NON PARLARE DEL MALE, parte da una banalissima domanda del regista durante una sua vacanza e ne ricava uno studio perfido e cattivissimo sui comportamenti umani.
per assurdo quelli che ne escono più ammaccati sono i danesi computi, educati, sensibili e attenti al prossimo; patrick e karin non fanno altro che provare a spostare le loro trappole sempre più avanti; una battutina cattiva, una cattiveria sulla figlia, un pizzico e uno schiaffetto, il senso di colpa ben testato e rodato; le farfalline girano intorno alla luce e alla fine si bruciano.
non ha un andamento normale il film; bjorn è costretto a seguire le tracce, le mollichine fino all'antro della strega, segue l'amo dentro la tana , mentre patrick riavvolge il filo e lo fa arrivare alla stanza delle collezioni; delle foto dei prima e del dopo; lo fa arrivare alla piscina dove trova quello che non avrebbe mai potuto immaginare come uomo e genitore e poi lo lascia con tutta calma allontanarsi dalla casa e tentare una fuga che oramai è impossibile.
l'ordinary man, con la sua casetta, il suo lavoro noioso, la moglie che decide e la figlia unica è nelle mani del mostro ma il mostro lascia a lui la scelta; lo provoca, lo stuzzica, lo incita vuole vedere se in quel cervello statico e in quel corpo stanco c'è la possibilità che riconosca il pericolo o solamente metta dei paletti per proteggere se stesso e il suo piccolo nucleo.

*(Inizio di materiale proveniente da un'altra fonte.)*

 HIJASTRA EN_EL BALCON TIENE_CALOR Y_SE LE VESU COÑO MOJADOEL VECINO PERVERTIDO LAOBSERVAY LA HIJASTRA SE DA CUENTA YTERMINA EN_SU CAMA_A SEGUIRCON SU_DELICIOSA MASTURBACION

bjorn, magnificamente interpretato da morten burian, è la vittima sacrificale e il carnefice di se stesso e peggio, anche della propria famiglia. accompagnato da una bellisima musica da tragedia, entra ed esce dagli atti sempre ricadendo nello stesso errore, tant'è che patrick e karin sembrano delle semplice comparse addirittura mute e fuori fuoco.
la moglie sempre dietro lo sostiene con la mano sulla spalla, ma se bjorn permette al macellaio di macellarlo, il macellaio si prenderà tutto quello che è suo mentre lui piange disperato sapendo perfettamente quella che sarà la sua fine.
un finale quasi lirico; lapidati mentre nudi si abbracciano e bjorn chiede scusa; i macellai stancamente sollevano le pietre; bjorn e susan diverranno gli ennesimi nomi senza corpi; fotografie sgranate su carta di giornale e agnes, come in una maledizione da tregedia greca diverrà una triste e sconsolata reiterazione.